A cultural history of utopian writing in early modern England, Founding Fictions traces the development of the genre from the publication of Thomas More's Utopia (1516) through Aphra Behn's Oroonoko (1688). Amy Boesky sees utopian literature rising alongside new social institutions that helped shape the modern English nation. While utopian fiction explicitly advocates a reorganization of human activity, which appears liberal or progressive, utopias represent reform in self-critical or qualitative ways. Early modern utopias, Boesky demonstrates, are less blueprints for reform than they are challenges to the very possibility of improvement.
After an initial discussion of More's Utopia, Boesky devotes subsequent chapters to Francis Bacon's New Atlantis, the Civil War Utopias of Gabriel Plattes, Samuel Gott, and Gerrard Winstanley, Margaret Cavendish's Blazing-world, and Henry Neville's Isle of Pines. Relating the English public school to More's Utopia, and early modern laboratories to Bacon's New Atlantis, Boesky shows how utopists explored the formation of cultural identity through new institutional models. Utopias of the 1640s and 1650s are read against new emphasis on work as the panacea for social ills; Cavendish's Blazing-world is seen as reproducing and reassessing restoration centers of authority in the court and theater; and finally, Neville's Isle of Pines and Behn's Oroonoko are read as interrogating the authorities of the English colony.

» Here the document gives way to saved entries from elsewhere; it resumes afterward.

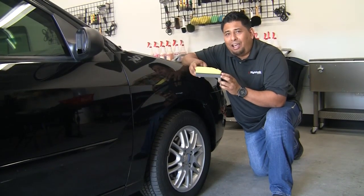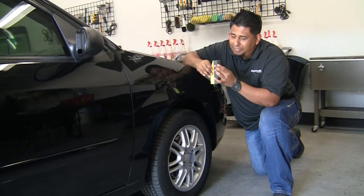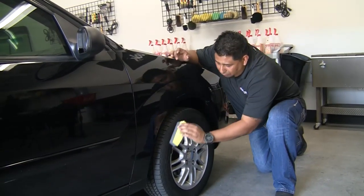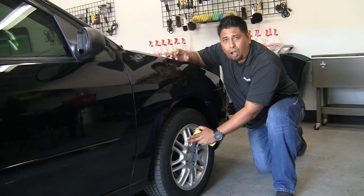This is the DA1665, the Sculpted Dressing Applicator Pad. This pad is nice and narrow, so when you put your dressing and your chemical on here, you can actually go to the circumference of the tire and not worry about getting any type of dressing or chemical on your wheel.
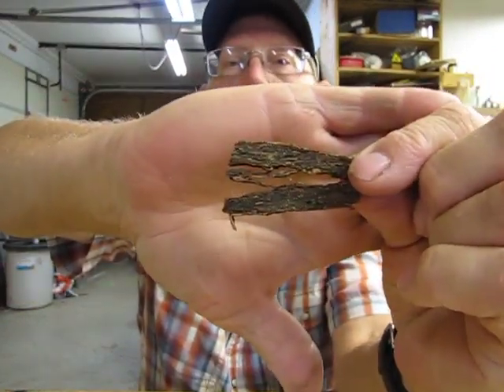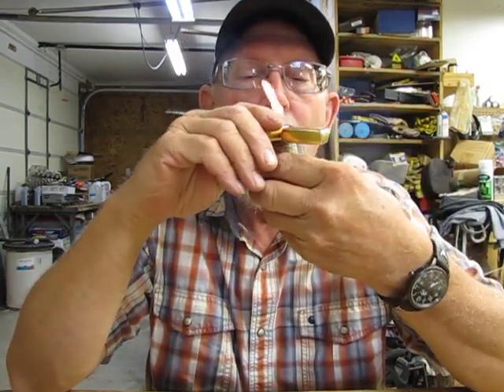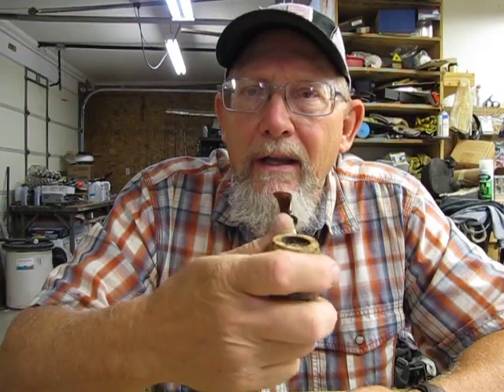I found a whole flake here — hopefully it's not too dark. Anyway, let me see if I can get this thing lit. It does seem a little damp. The first initial taste I get is the Virginia, at least I'm thinking it's Virginia — I'm not really sure.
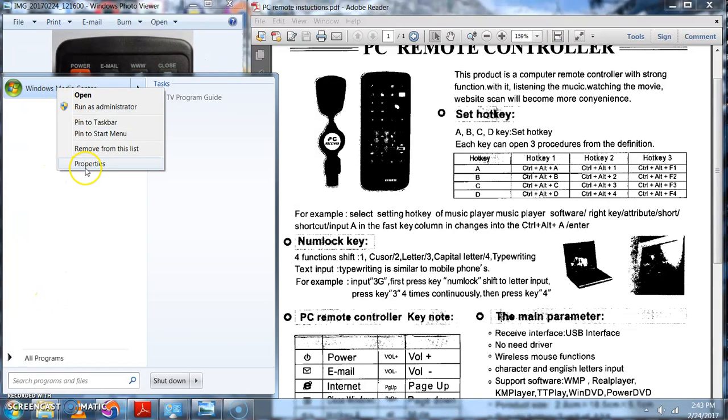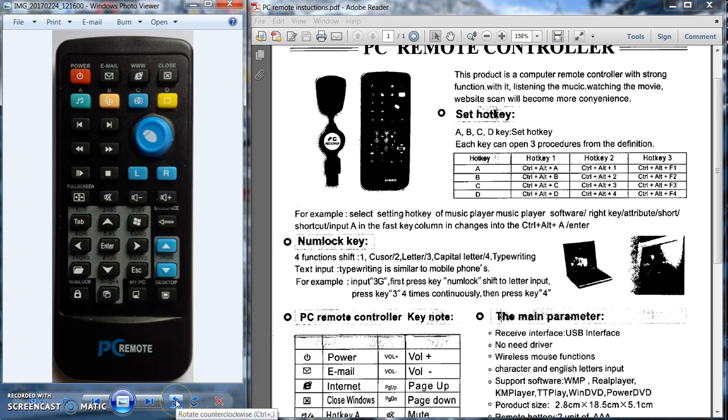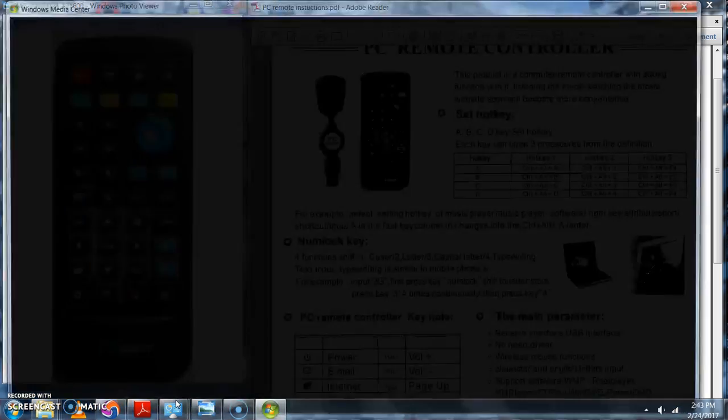What you do is right-click on it, choose Properties, Shortcut, click there, and I can tie it to any of these three. So I would type B — or if you're doing F2 you do have to hold Ctrl and Alt — but I'm just going to put B in there, and now when I press the B button on the remote it will open the program I assigned to it.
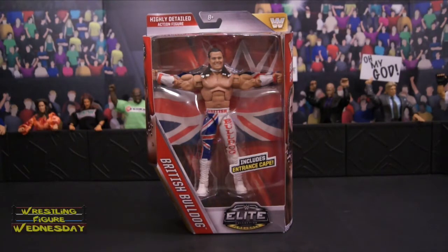Hey guys, welcome to Wrestling Figure Wednesday. Today I will be reviewing the Mattel WWE Elite Series 39 Flashback British Bulldog Figure. This is the first series of 2016.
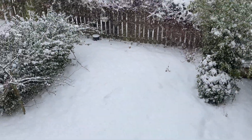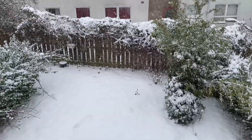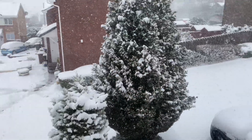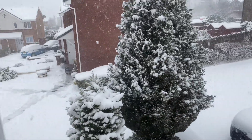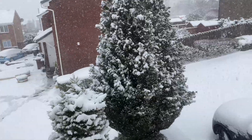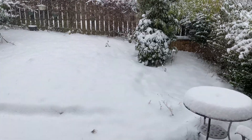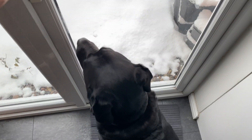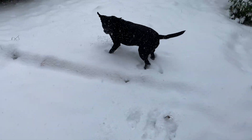Hey everyone, it's Jordan from Fishkeeping Made Easy and today we are back at it again with another ecosphere. I've had this idea for quite a while now where I was going to make an ecosphere with snow, and finally in late February it snowed enough to actually do this. As always I'm joined by my partner in crime Seamus, who absolutely loved the snow.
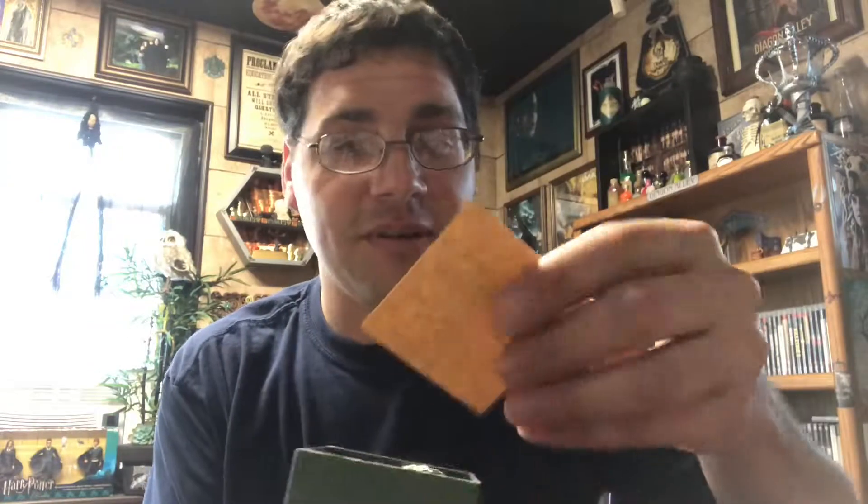Small little green box — it says LitJoy Crate, sounds like there's a necklace of some kind in there. Opening it up — it says: 'To the Dark Lord, I know you'll be dead long before you read this, but I want you to know that it was I who discovered your secret. I have stolen the real Horcrux and intend to destroy it as soon as I can. I face death in the hope that when you meet your match, you'll be mortal once more. R.A.B.'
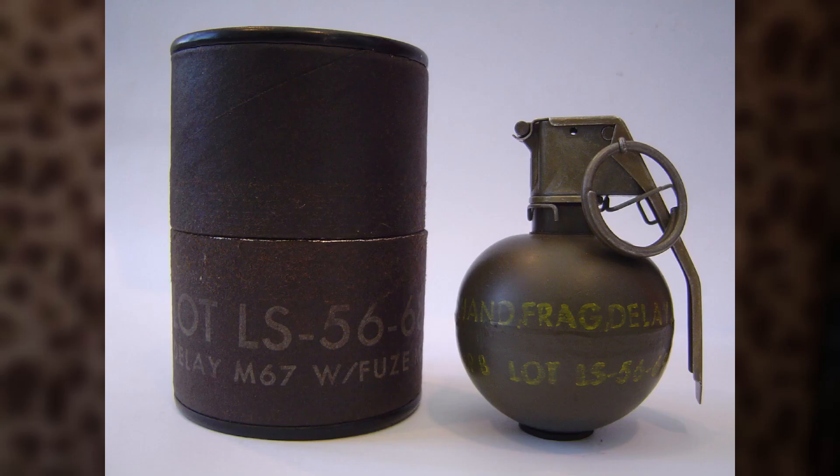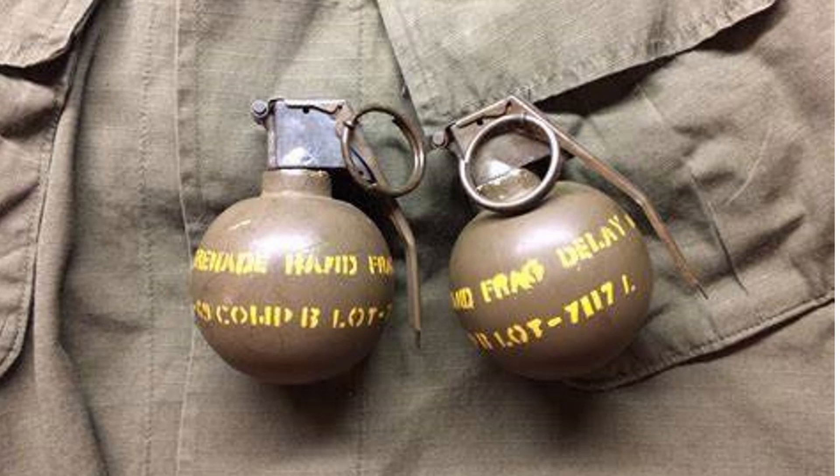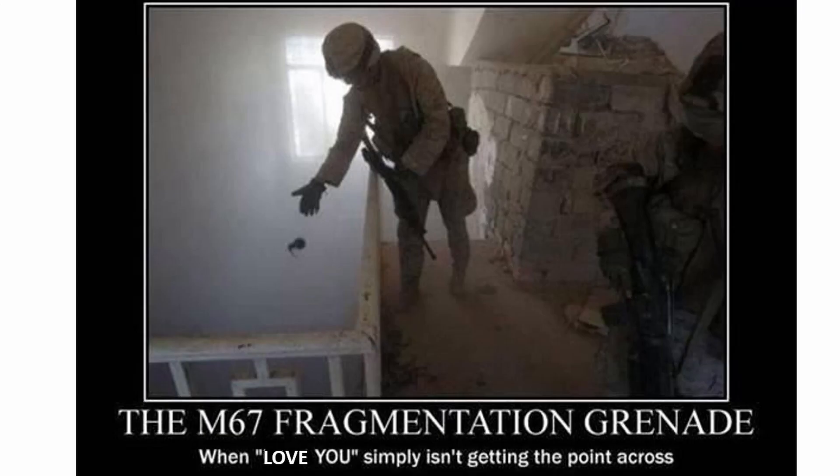The M67 grenade has a spherical steel body that contains six and a half ounces of Composition B explosive and it uses the M213 pyrotechnic delay fuse. The grenade weighs 14 ounces in total and has a safety clip to prevent the safety pin from being pulled accidentally. The safety pin prevents the safety lever or spoon on the grenade from moving and releasing the spring-loaded striker which initiates the grenade's fuse assembly.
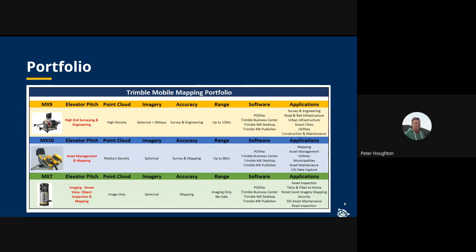Looking at the applications: the MX9 is for high-end surveying and engineering, the MX50 for asset management and mapping, and the MX7 for imaging for those who want a street-view kind of workflow. An important point is that we have the same workflow across our portfolio, and no matter which product a customer selects, the workflow is the same.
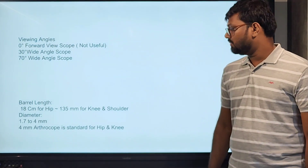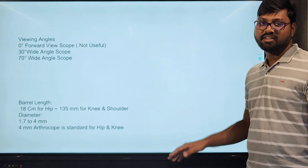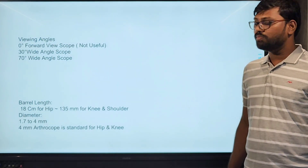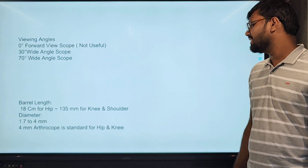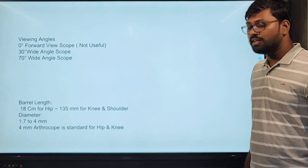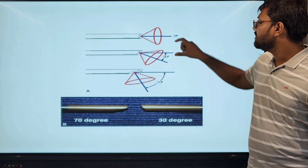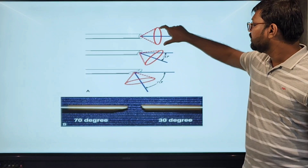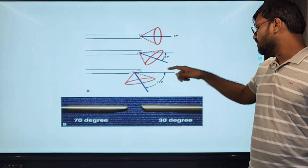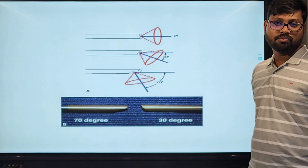The barrel length varies for various procedures — longer barrel lengths like 18cm for the hip, and an average 135mm for knee and shoulder arthroscopy. The diameter also varies from 1.7mm to 4mm. The 4mm arthroscope is standard for hip and knee arthroscopy. This is a 0-degree arthroscope with only a front view, and this is a 30-degree arthroscope which we can use in a rotating manner to cover a wider field of vision.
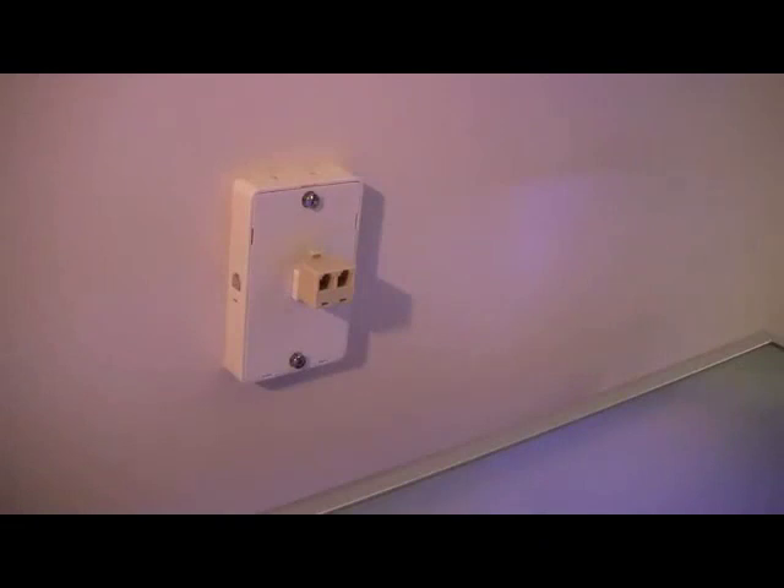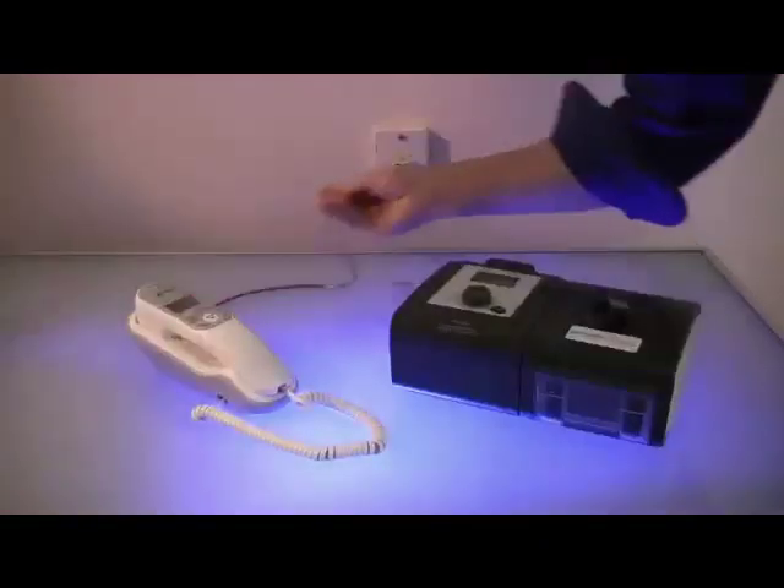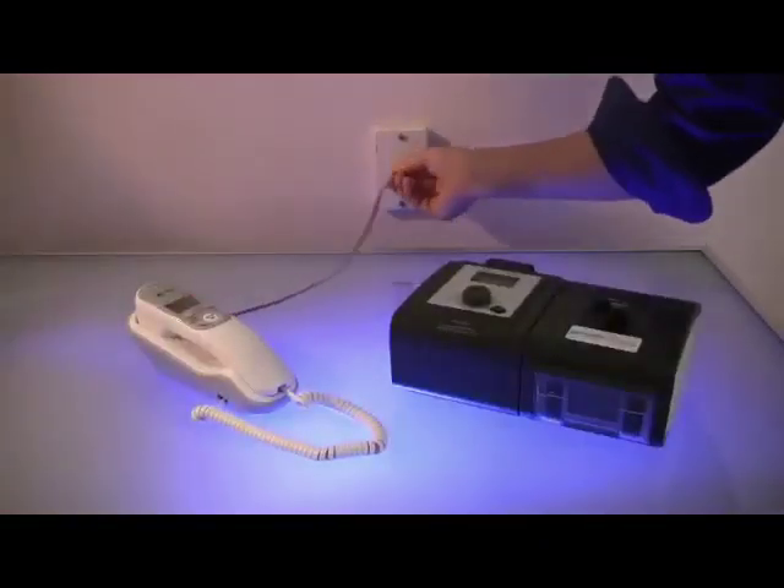Locate the phone jack in your bedroom. Take the two-line connector and plug it into the phone jack on your wall. You have now created two equal phone jacks. Plug your phone cord into one of the two phone jacks.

Despite widely divergent backgrounds, says Boesky, these utopists shared a sense that national identity was shaped less by individuals than by institutions, which they praise for producing trained and trainable citizens instilled with the values of the modern state: obedience, discipline, and order. While the utopia tells its story partly to justify the goals of colonialism and to enforce differences in class, gender, and race, it also tells a concurrent and less stable story that criticizes these ventures and exposes their limitations.